▶ **Data records**:
>>
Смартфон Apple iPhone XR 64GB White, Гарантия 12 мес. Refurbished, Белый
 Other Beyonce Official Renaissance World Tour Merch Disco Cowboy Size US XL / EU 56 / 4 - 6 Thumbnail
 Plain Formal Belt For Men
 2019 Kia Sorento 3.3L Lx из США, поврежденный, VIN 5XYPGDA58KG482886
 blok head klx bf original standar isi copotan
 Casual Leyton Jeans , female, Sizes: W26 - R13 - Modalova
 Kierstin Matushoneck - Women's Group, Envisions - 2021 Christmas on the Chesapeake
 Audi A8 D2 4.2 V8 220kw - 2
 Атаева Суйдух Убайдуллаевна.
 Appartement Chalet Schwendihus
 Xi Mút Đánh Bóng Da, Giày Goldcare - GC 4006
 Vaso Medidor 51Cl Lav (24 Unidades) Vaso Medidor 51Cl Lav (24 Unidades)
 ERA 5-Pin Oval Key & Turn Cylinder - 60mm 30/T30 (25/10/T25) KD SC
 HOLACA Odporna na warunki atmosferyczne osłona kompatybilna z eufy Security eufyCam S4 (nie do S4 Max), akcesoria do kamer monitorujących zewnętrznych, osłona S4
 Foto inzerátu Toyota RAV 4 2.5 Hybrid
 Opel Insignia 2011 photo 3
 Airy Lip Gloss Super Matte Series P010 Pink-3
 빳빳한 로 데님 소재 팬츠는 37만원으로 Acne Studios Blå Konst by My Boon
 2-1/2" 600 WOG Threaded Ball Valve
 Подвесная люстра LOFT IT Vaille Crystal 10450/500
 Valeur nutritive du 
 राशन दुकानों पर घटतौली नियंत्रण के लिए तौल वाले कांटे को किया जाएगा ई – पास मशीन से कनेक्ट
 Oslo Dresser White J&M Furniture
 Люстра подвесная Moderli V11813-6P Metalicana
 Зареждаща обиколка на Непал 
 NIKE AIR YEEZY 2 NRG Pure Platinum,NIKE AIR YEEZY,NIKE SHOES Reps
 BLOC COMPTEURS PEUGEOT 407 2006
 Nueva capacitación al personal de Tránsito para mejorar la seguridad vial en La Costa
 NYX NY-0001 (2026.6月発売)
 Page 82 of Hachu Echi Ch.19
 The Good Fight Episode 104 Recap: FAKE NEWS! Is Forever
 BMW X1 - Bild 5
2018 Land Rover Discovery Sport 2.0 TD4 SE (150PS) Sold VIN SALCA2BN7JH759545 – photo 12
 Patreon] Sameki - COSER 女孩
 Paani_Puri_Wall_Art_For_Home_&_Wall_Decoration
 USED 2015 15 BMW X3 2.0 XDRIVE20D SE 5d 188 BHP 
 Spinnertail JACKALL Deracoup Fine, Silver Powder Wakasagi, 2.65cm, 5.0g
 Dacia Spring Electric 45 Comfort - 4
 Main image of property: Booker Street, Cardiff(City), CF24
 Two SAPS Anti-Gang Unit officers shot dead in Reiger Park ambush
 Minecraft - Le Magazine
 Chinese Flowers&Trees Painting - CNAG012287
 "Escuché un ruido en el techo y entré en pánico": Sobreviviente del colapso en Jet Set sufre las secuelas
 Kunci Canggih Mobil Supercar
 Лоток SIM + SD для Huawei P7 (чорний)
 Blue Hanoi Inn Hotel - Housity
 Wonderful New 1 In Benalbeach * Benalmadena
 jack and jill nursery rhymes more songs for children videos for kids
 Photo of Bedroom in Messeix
<<
▶ **Exercise**: Print, without alteration, only the lines above between the one holding "Casual Leyton Jeans" and the one holding "ERA 5-Pin Oval", inclusive.

▶ **Exercise output**:
 Casual Leyton Jeans , female, Sizes: W26 - R13 - Modalova
 Kierstin Matushoneck - Women's Group, Envisions - 2021 Christmas on the Chesapeake
 Audi A8 D2 4.2 V8 220kw - 2
 Атаева Суйдух Убайдуллаевна.
 Appartement Chalet Schwendihus
 Xi Mút Đánh Bóng Da, Giày Goldcare - GC 4006
 Vaso Medidor 51Cl Lav (24 Unidades) Vaso Medidor 51Cl Lav (24 Unidades)
 ERA 5-Pin Oval Key & Turn Cylinder - 60mm 30/T30 (25/10/T25) KD SC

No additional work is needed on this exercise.